[Working data]
::::::

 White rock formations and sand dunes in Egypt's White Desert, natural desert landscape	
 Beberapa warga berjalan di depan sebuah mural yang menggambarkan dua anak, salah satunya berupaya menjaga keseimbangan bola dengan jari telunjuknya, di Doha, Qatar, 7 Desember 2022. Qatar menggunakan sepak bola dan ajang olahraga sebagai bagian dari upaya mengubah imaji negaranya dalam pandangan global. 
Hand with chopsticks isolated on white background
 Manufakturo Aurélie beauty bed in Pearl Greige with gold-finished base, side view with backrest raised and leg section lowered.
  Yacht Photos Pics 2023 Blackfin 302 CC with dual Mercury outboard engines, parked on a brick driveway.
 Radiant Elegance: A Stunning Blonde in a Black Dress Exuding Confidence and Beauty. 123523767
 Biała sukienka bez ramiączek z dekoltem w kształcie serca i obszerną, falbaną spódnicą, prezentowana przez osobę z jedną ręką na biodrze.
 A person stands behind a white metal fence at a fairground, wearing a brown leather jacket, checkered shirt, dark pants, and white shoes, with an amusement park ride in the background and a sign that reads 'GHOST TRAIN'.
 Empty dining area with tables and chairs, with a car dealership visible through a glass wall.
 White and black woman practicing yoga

::::::

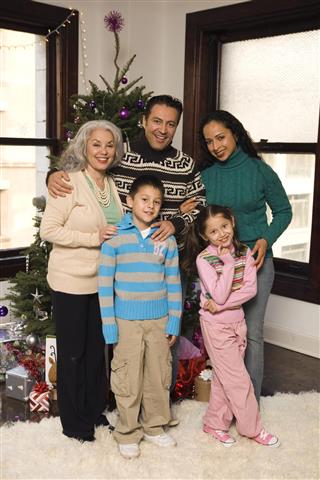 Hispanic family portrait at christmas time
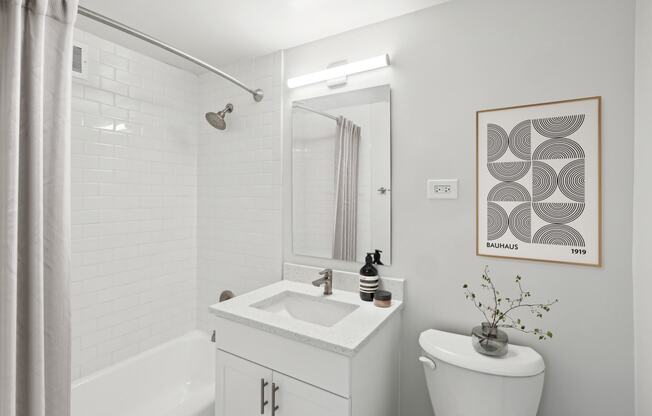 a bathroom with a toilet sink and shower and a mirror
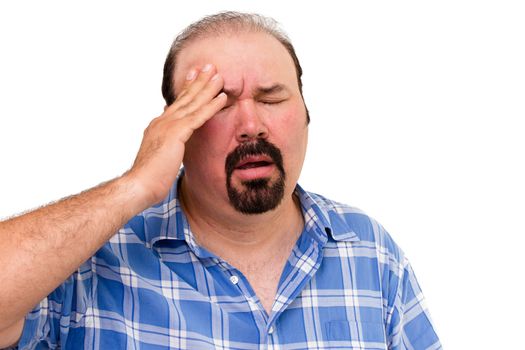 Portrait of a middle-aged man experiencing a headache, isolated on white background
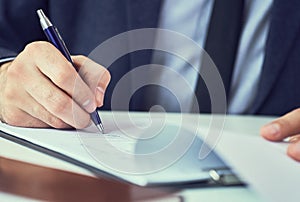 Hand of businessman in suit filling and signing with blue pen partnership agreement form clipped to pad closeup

::::::

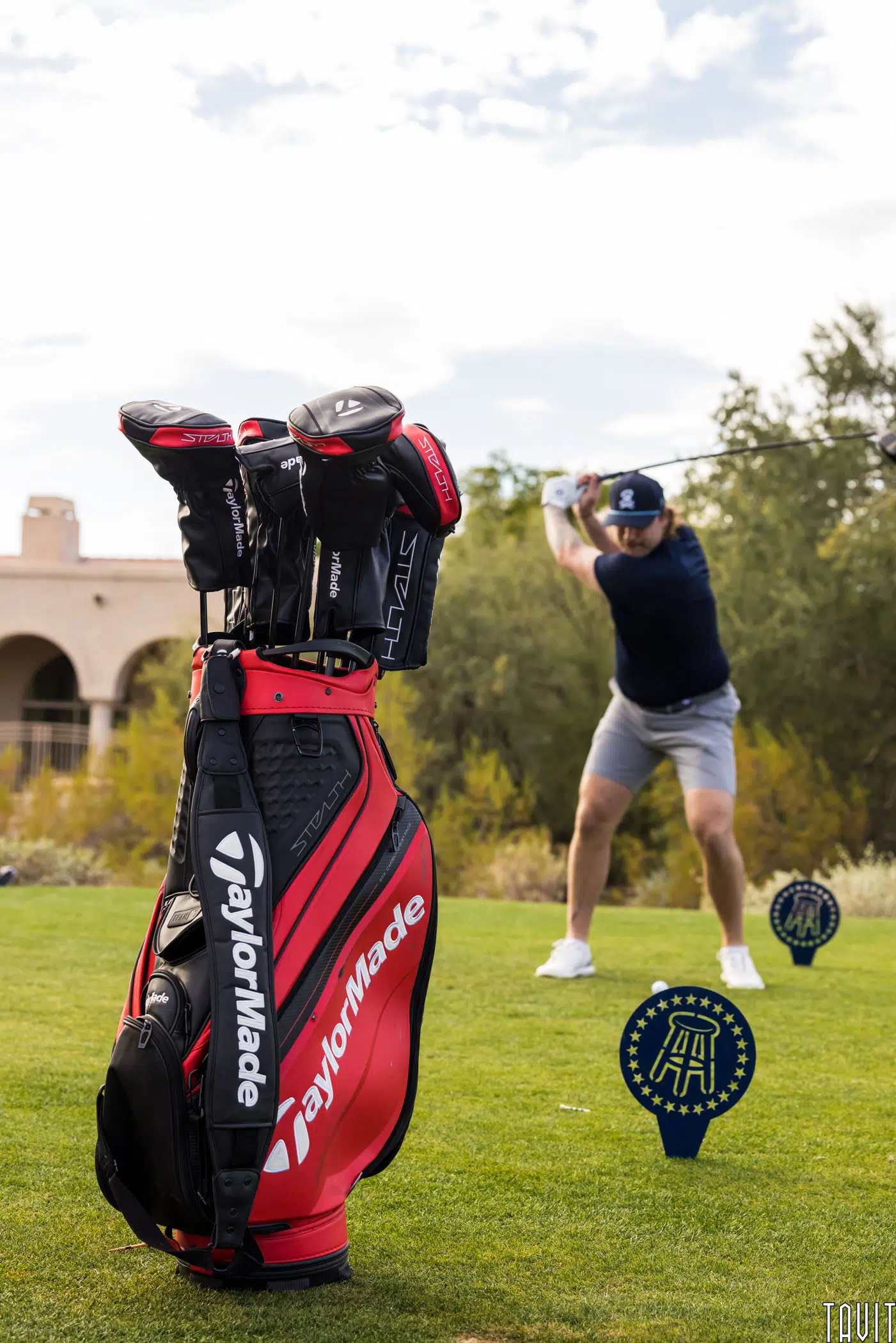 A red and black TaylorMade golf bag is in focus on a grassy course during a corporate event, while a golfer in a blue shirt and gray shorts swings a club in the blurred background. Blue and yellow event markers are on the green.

::::::

[Problem to solve]
Look through the entries above and quote exactly the lines from the line with "A person stands" to the line with "White and black woman practicing yoga", counting both of those lines.

[Response box]
 A person stands behind a white metal fence at a fairground, wearing a brown leather jacket, checkered shirt, dark pants, and white shoes, with an amusement park ride in the background and a sign that reads 'GHOST TRAIN'.
 Empty dining area with tables and chairs, with a car dealership visible through a glass wall.
 White and black woman practicing yoga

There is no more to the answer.